Juna – la SursilvApp

Rätoromanisch ist die vierte Landessprache der Schweiz – aber sie ist (noch) kaum digitalisiert. Zwar gibt es Webseiten und Apps, mit denen man online mit der Sprache in Berührung kommt, allerdings wird hierbei Rumantsch Grischun verwendet, eine 1982 konstruierte Schriftsprache. Das Rätoromanische besitzt aber fünf Idiome, die unterschiedlicher nicht sein können. Das Idiom mit der grössten Sprecherzahl ist das Sursilvan. Wir haben uns deshalb entschlossen, eine multimediale Begriffssammlung namens «Juna – la SursilvApp» auf Sursilvan zu erstellen. Zusätzlich zeigen wir euch Schritt für Schritt auf, wie solche Projekte angegangen werden.
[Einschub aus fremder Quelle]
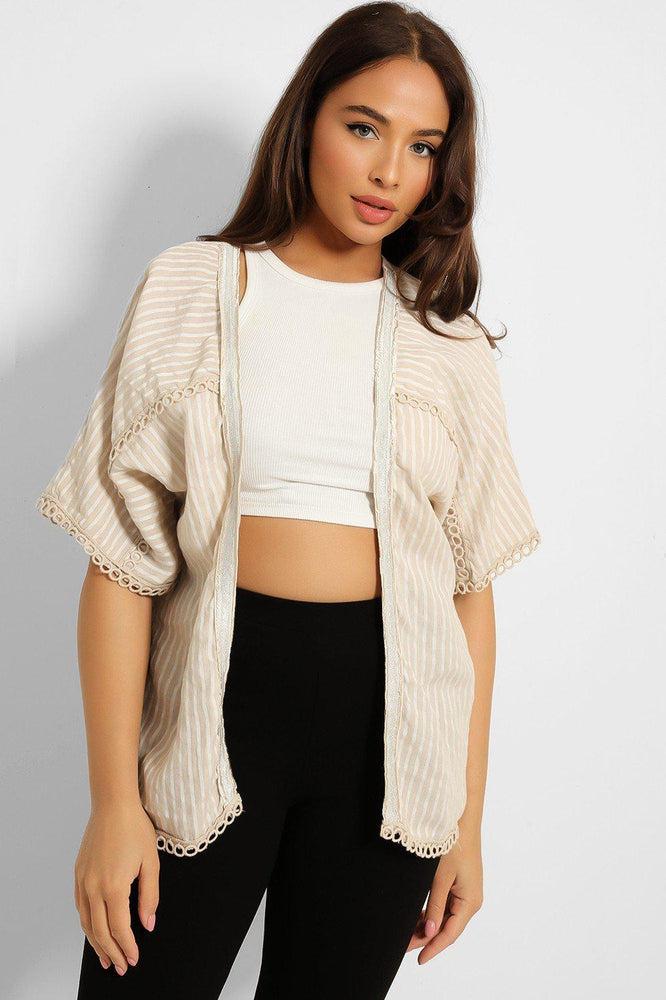 Stripy Crochet Hem Blouse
Zum Namen an sich: Wir haben uns schon relativ früh Gedanken gemacht, wie unsere App eigentlich heissen soll. Da wir es als unser Baby ansehen, haben wir einfach mal nach romanischen Babynamen gesucht. Wir fanden schliesslich den Namen Juna treffend. Der Name ist wahrscheinlich keltischen Ursprungs und bedeutet so viel wie «die Erwünschte», «die Freundliche», «die Blühende» und «die Junge». Ausserdem geht Juna vermutlich auch auf die römische Mythologie und die Göttin der Fruchtbarkeit, Geburt und Fürsorge «Juno» zurück. SursilvApp ist schliesslich ein Kofferwort und besteht aus «Sursilvan» und «App».

Zur Information: Das Projekt wird in zwei Teilen präsentiert: Der erste Teil beschäftigt sich mit der Idee und dem Konzept der Web-App. Im zweiten Teil stellen wir euch die gecodete Endversion vor.
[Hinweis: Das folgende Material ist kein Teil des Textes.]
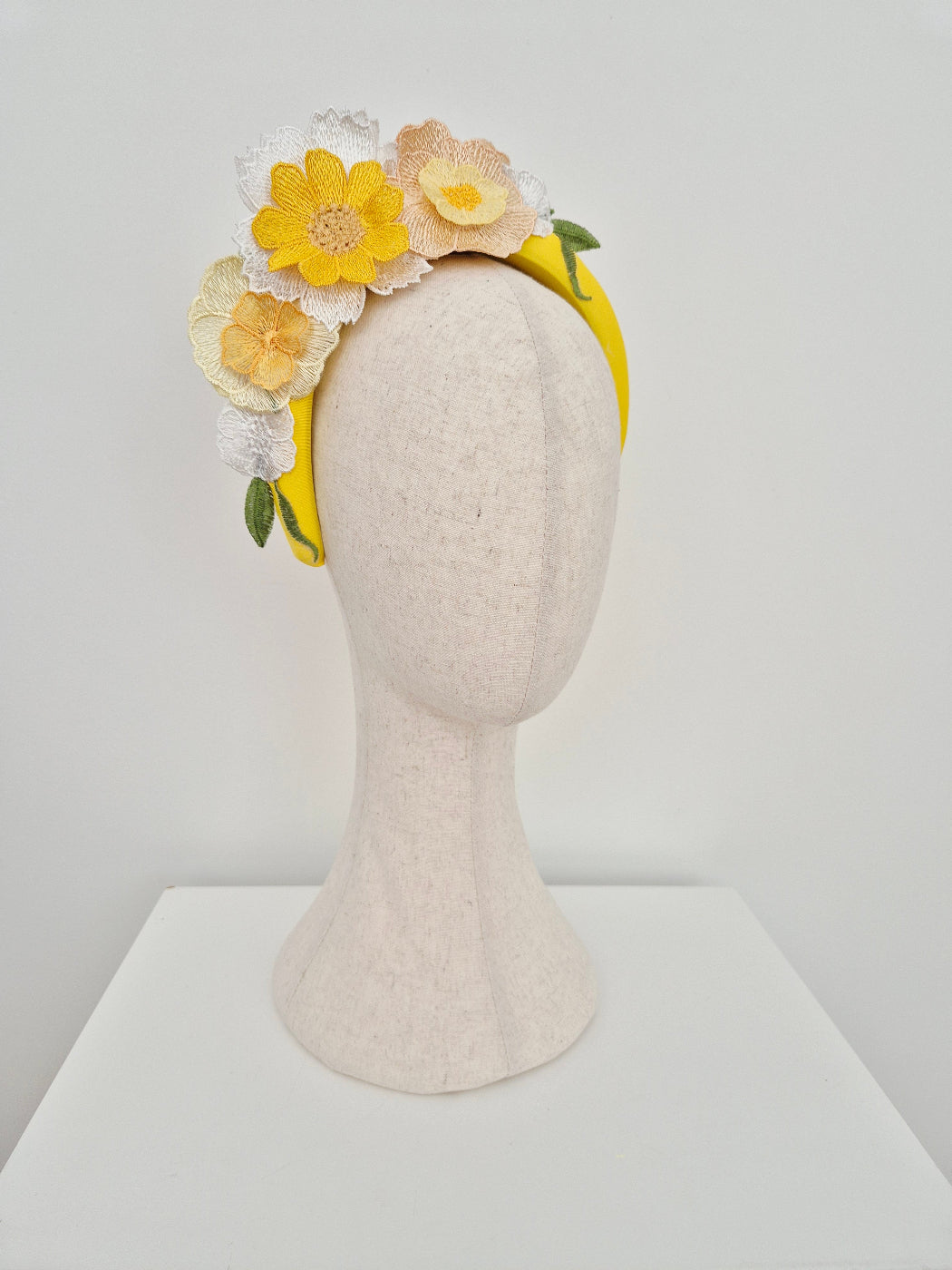 side view yellow floral lace headband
1. Ausgangslage/Ideenfindung

Die Frage ist durchaus berechtigt: Wozu braucht es eine rätoromanische Begriffssammlung für Sursilvan? Die Antwort: Stell dir vor, du sitzt als Schüler*in im Rätoromanisch-Unterricht und musst mit Lehrmitteln arbeiten, die älter sind als du selbst. Das ist nicht gerade prickelnd. Mit unserer Web-App möchten wir dem entgegenkommen.

2. Need-Finding

Wie oben bereits erwähnt, kennen wir diese Situation bestens. Im Austausch mit elf Personen eines Rätoromanisch-Sprachkurses haben wir nach den Bedürfnissen (Needs) gefragt und sie notiert. Diese waren u. a.:

• zeitgemässes Nachschlagewerk auf Sursilvan
• Wörter im Kontext (z. B. gebräuchliche Sätze) lernen
• Verbensammlung
• Aussprachefunktion
• Open-Data, offline und mit dem Browser zugänglich.

3. Research/Konkurrenzanalyse

Es ist nicht schlecht, sich umzusehen, was Mitbewerber schon umgesetzt haben. Wir haben dafür zwölf sich konkurrierende Web-Applikationen angeschaut und sie in einer SWOT-Analyse evaluiert. Aus diesen Erkenntnissen wurde eine Value-Map erstellt, um daraus den Mehrwert zu definieren.

Wie viele Nutzer können so erreicht werden? Wir haben herausgefunden, dass unser Marktpotenzial bei bis zu 9000 Personen liegt. Diese Zahl nehmen wir aus der Anzahl Klicks des Online-Angebots von RTR (Radio Televisiun Rumantscha) hervor.

4. Personas

Welche Art von Nutzer werden unsere Web-App brauchen? Auf den ersten Blick haben wir diese aufgelistet:

• SuS, die mit Tablets im Unterricht arbeiten
• Menschen, welche die Sprache autodidaktisch und auch online lernen möchten

Damit es noch ein wenig fundierter wird, sind hierfür Personas von Vorteil. Personas sind archetypische Nutzer, die aus den Resultaten von beispielsweise 20 befragten Personen basieren. So sehen schliesslich unsere Personas aus:

5. Process-Map und Informationsarchitektur

Um die genauen Abläufe einer Web-App nachvollziehen zu können, wird eine Process-Map erstellt. Die Process Map bildet die Abläufe ab, welche die Nutzer durchlaufen. Die Prozessschritte werden dabei visuell und schrittweise abgebildet. Sie macht den Gesamtprozess der Anwendung verständlich. Sie enthält auch Entscheidungen, in welchen sich Gabelungen und neue Navigationswege bilden.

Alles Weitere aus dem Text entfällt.